For the diurnal variation in the transpiration of evergreen and deciduous trees with the three configurations, the transpiration reached a peak at 12 h and declined after 12 h because of the high air temperature at noon, and plants temporarily closed or reduced the stomatal opening and closing degree in order to preserve water, thus vegetation transpiration reached the peak [47]. Meanwhile, as the temperature continues to rise, intense solar radiation will affect the air relative humidity, and water stress may lead to a decrease in the transpiration rate of trees [24]. Therefore, if the trees were irrigated properly, their transpiration rate will rise, which could reduce the heat load of the city. However, transpiration rates of test trees were different from [48], the explanation for this inconsistency might be the specific climate and soil conditions, making it challenging to compare transpiration rates around the world. The effects of urban trees on microclimate through transpiration are highly heterogeneous, for instance, T. cordata has a transpiration rate three times that of R. pseudoacacia [49]. Surprisingly, E and Gs of IP were not significantly different, while the differences between LP and GP were significant. This difference may be due to leaf thickness is inversely proportional to transpiration rate in different tree types and configuration modes [42]. Meanwhile, E is greatly influenced by plant characteristics [50]. Based on the above results, the correct selection of trees with excellent transpiration characteristics plays a critical role in reducing the urban heat island effect.
Different tree type is a major factor affecting the total transpiration of tree species in midsummer [51]. The average daily transpiration (EL) of deciduous trees was higher than that of evergreen trees. Evergreen tree leaves are thick and waxy, which reduce stomatal openness and enhance stomatal resistance so that it helps to reduce the transpiration rate and reduce the transpiration water consumption, such physiological characteristics are conducive to avoid excessive moisture loss [52]. Meanwhile, GP had the highest EL, followed by LP, and IP. Consequently, the transpiration characteristics of urban trees will be affected by the configuration mode and tree types.
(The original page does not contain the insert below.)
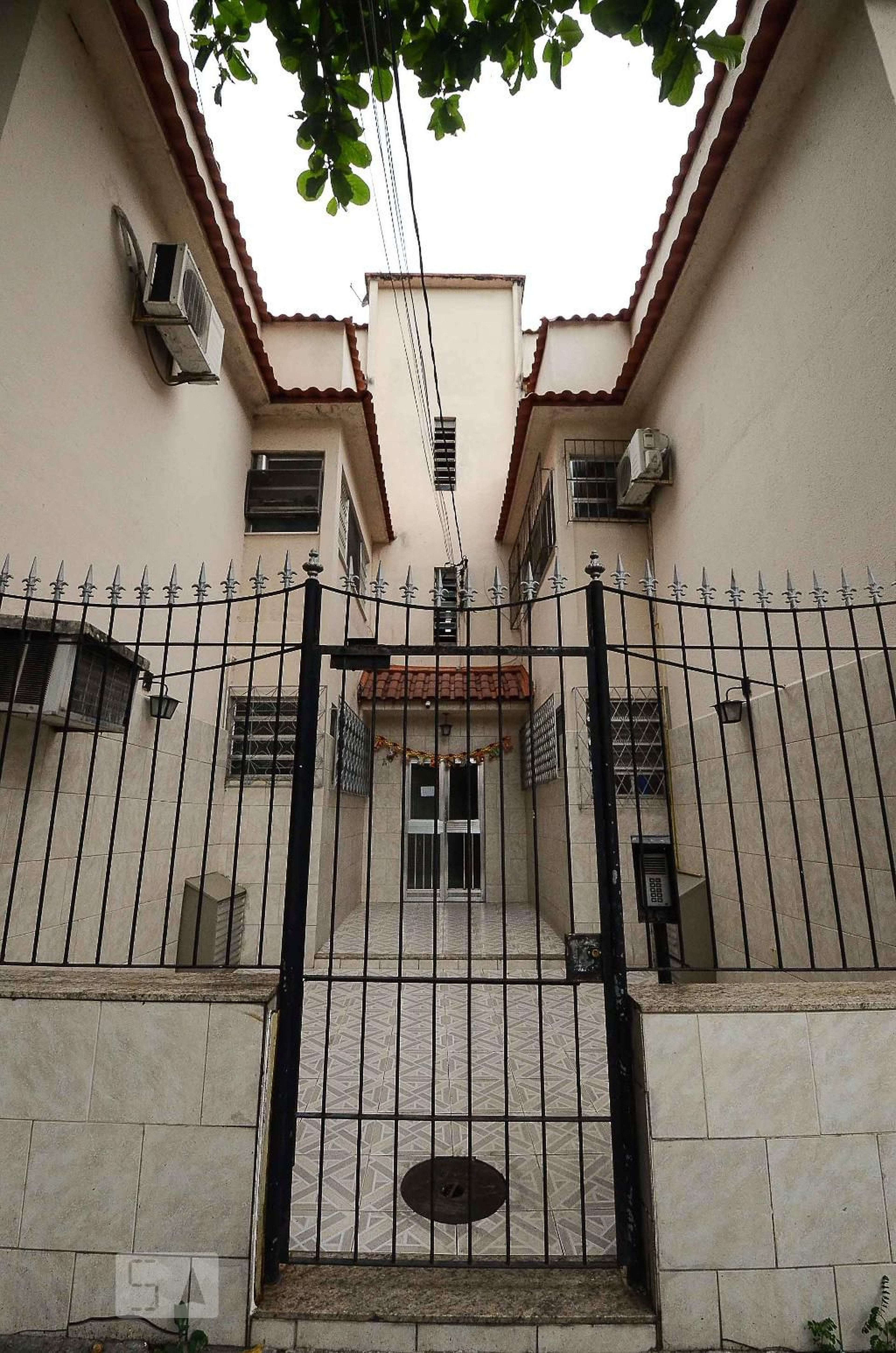 Fachada Condomínio em Rua Gustavo Augusto de Resende, 484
4.3. Relationship between Microclimate Effect and Transpiration of Trees

Transpiration of urban trees plays a vital role in regulating the canopy thermal environment [53]. In our research, we emphasized the importance of tree transpiration, and the microclimate effects of different tree configurations showed a significant correlation with E and GS. The higher the transpiration rate was, the colder and wetter the surrounding will be, which is consistent with Lindén [54]. Tree species with high transpiration intensity had more heat consumption, and the cooling effect on the surrounding air was obviously better than the area without vegetation [42]. In addition, the transpiration rate not only determines the amount of water vapor evaporated by plants, but also determines the microclimate regulation capacity of plants, which indicate that the transpiration cooling effect of tree species leads to the difference in temperature and humidity in configuration modes. Configurations, and tree species with intense transpiration should be selected to reduce the urban heat island effect, which means more latent heat can be emitted [55].
The increase of air temperature and VpdL will affect the transpiration of vegetation [56]. We uncovered that the microclimate effect of urban trees with different configurations was weakly correlated with VpdL, indicating that VpdL could not explain the cooling effect of experimental trees, which seems to be consistent with the results of Zhou [28]. In hot summer regions, vegetation is vulnerable to temperature and water stress [19], the increase in the air temperature leads to the stomatal opening but the decrease of relative humidity normally leads to stomatal closure, thus enhancing transpiration. However, excessive heat and increased VpdL between leaves and air would significantly lead to reducing transpiration, which is also the self-protection mechanism of plants against water loss [57]. Hence, the microclimate regulation capacity of urban trees may be affected by transpiration. Based on ensuring pretty appearance and reducing urban heat load, choose tree species with excellent transpiration characteristics for planting design.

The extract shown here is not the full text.